Heute wurde Christian Kern vom SPÖ-Parteivorstand als neuer Parteivorsitzender bestätigt (die Entscheidung darüber war schon zuvor in kleinem Kreis getroffen worden) und zum neuen Bundeskanzler angelobt. Das ist eine neue Etappe in der Krise der SPÖ und der Krise der großen Koalition.
Es ist klar: Christian Kern ist der Kandidat, der die Gräben in der Partei zuschütten soll, genauso wie er lebensverlängernd für die Koalition wirken soll. Alle großen Flügel sind in der neuen Regierung vertreten, sowohl solche SozialdemokratInnen, die eine Koalition mit der FPÖ explizit ablehnen als auch befürworten. Für ein kurzes Zeitfenster kann tatsächlich ein wenig Ruhe einkehren – nur um später mit noch größerer Heftigkeit zu explodieren. Christian Kern wird versuchen, so lange es geht auf allen Hochzeiten zu tanzen.
Doch eine solche Ruhe wird nicht lange halten, vielleicht nicht einmal über die Bundespräsidentschaftswahlen hinaus. Die Gräben in der Partei sind so tief, weil der Kapitalismus keinen Weg nach vorne bietet, der Reformismus also ohne Reformen (dafür mit Kürzungen) bleibt und die Zusammenarbeit mit den Bürgerlichen die Partei bis in die kleinste Ortsgruppe hinein zerreibt. Der Reformismus ist gescheitert, und nur ein Kurswechsel der Arbeiterbewegung hin zu einer klassenkämpferischen und sozialistischen Politik auf revolutionärer Basis führt aus dieser Sackgasse heraus.

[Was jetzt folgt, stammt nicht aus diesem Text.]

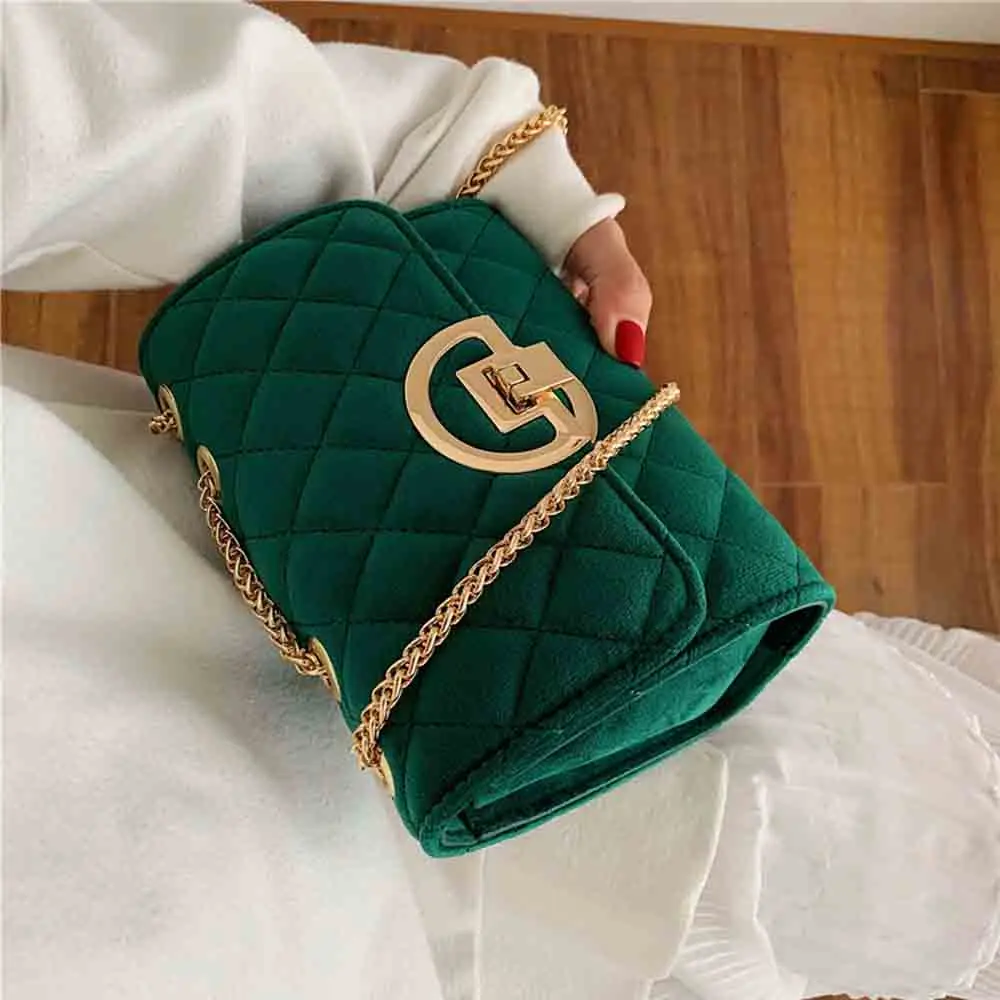 Fashion Women Velvet Leather Handbag Luxury Designer Bag Chains Shoulder Messenger Bag with Hasp Purses Sac A Main 2022 New
Fashion Women Velvet Leather Handbag Luxury Designer Bag Chains Shoulder Messenger Bag with Hasp Purses Sac A Main 2022 New
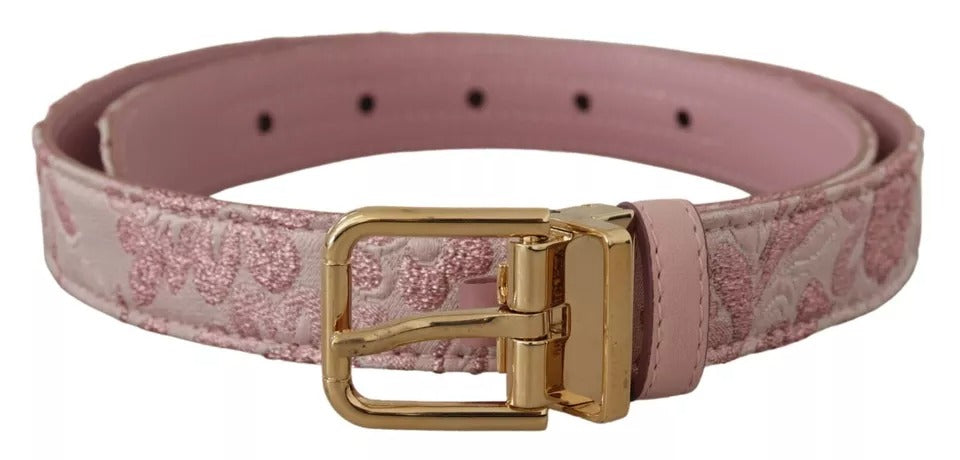 Dolce &amp; Gabbana Pink Jaquard Embroidered Gold Tone Metal Buckle Belt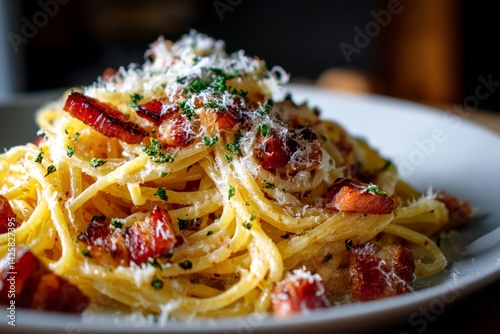 Spaghetti carbonara with parmesan cheese.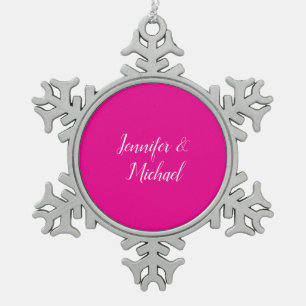 Trendy Minimalist Modern Plain Simple Hot Pink Snowflake Pewter Christmas Ornament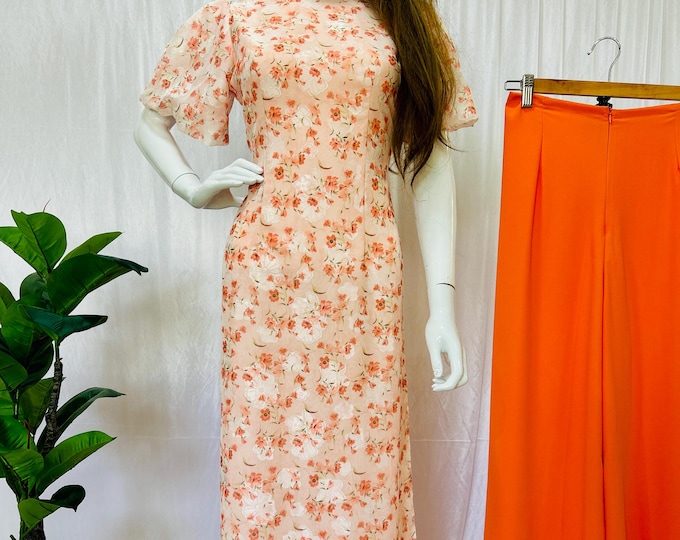 Peach Floral Vietnamese Áo Dài | Double Layer Premium Fabric | Traditional Dress with Bright Orange Pants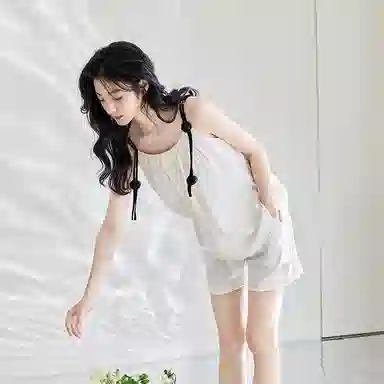 歌倩雅 甜美可爱无袖时尚薄款睡衣套装 女款 白色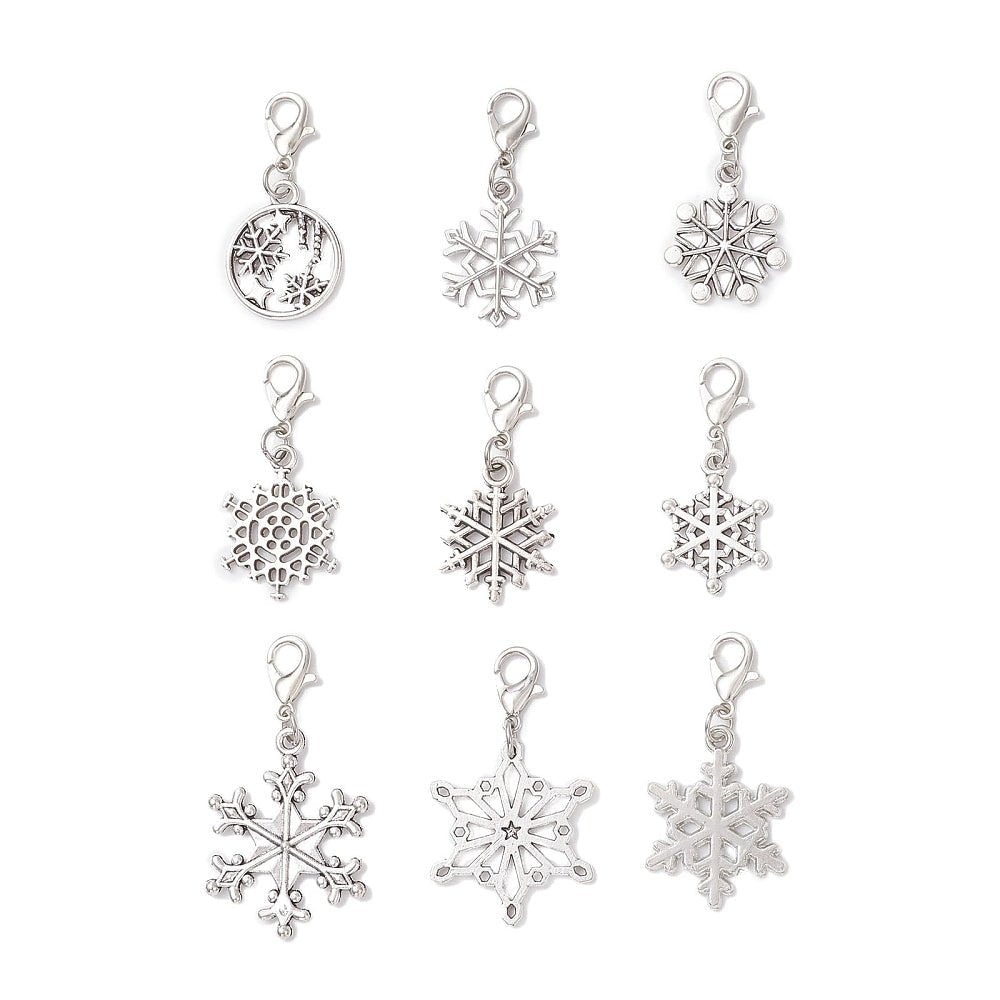 Snefnug Vedhæng med Karabinhage – Antik Sølv (9 stk) - Uniq Perler -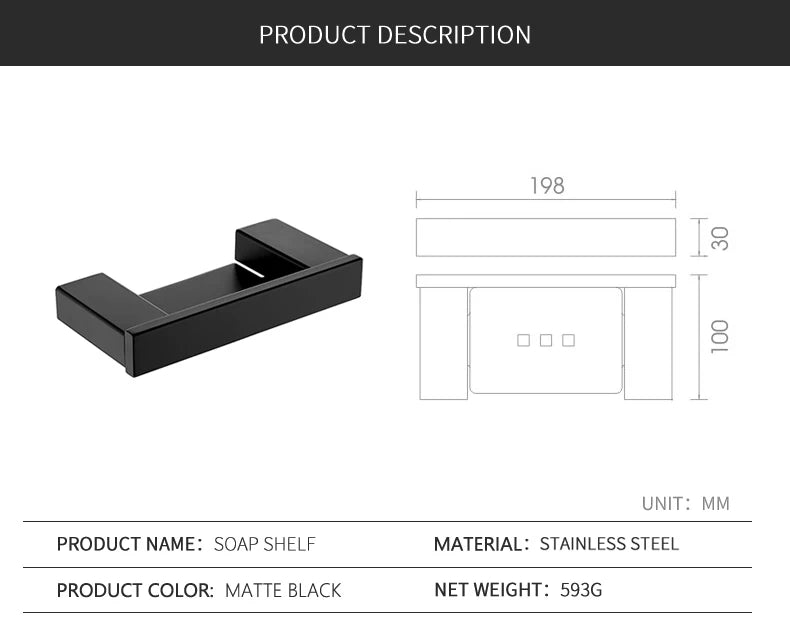 Matte Black Bathroom Hardware Towel Rack Shelf Hook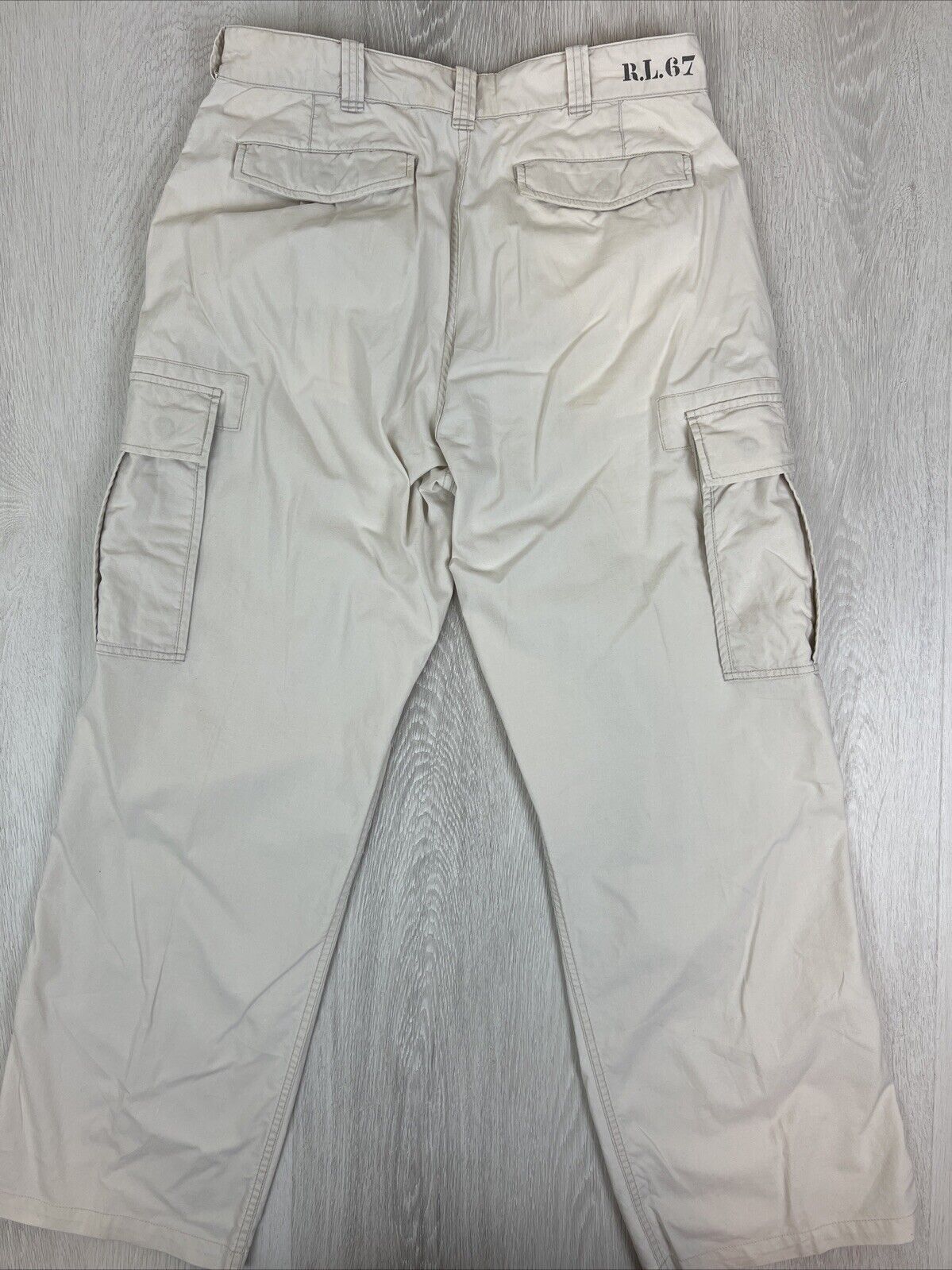 VTG Polo Jeans Ralph Lauren Mens 90s Cream Cargo Pants Size 33/34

Ein notwendiger, enorm wichtige Schritt dorthin ist es weiterhin, einen starken linken Flügel in Sozialdemokratie und Gewerkschaft zu organisieren und diese mit den sich bildenden linken Initiativen außerhalb der Sozialdemokratie auf einer Basis des Klassenkampfes zu verknüpfen, um so gesellschaftliche Schlagkraft für die Arbeiterklasse zurück zu erringen und den Widerstand gegen Sozialabbau und die Offensive der UnternehmerInnen zu organisieren. Passiert dies nicht, droht eine Situation, wo letztendlich die ArbeiterInnen ohne politische Organisation, die sie organisiert und repräsentiert zurückbleiben.
Christian Kern ist ein Kandidat des gesellschaftlichen und des Parteiestablishments, der schon seit über einem Jahr als möglicher Ersatz für Werner Faymann aufgebaut wurde. Deswegen setzen wir kein Vertrauen in ihn, diesen Kurswechsel zu vollziehen. Die Aufgabe bleibt es immer noch, nicht einen Kompromiss zwischen Links und Rechts zu finden, sondern einen starken linken Flügel auf Basis eines sozialistischen Programmes aufzubauen. Wir gratulieren deswegen Fiona Kaiser zu ihrer Entscheidung, im SPÖ-Parteivorstand gegen Christian Kern zu stimmen und rufen dazu auf, die Organisierung des Widerstandes gegen die Politik der Regierung und den Kampf um einen organisierten linken Flügel der Arbeiterbewegung weiter zu führen.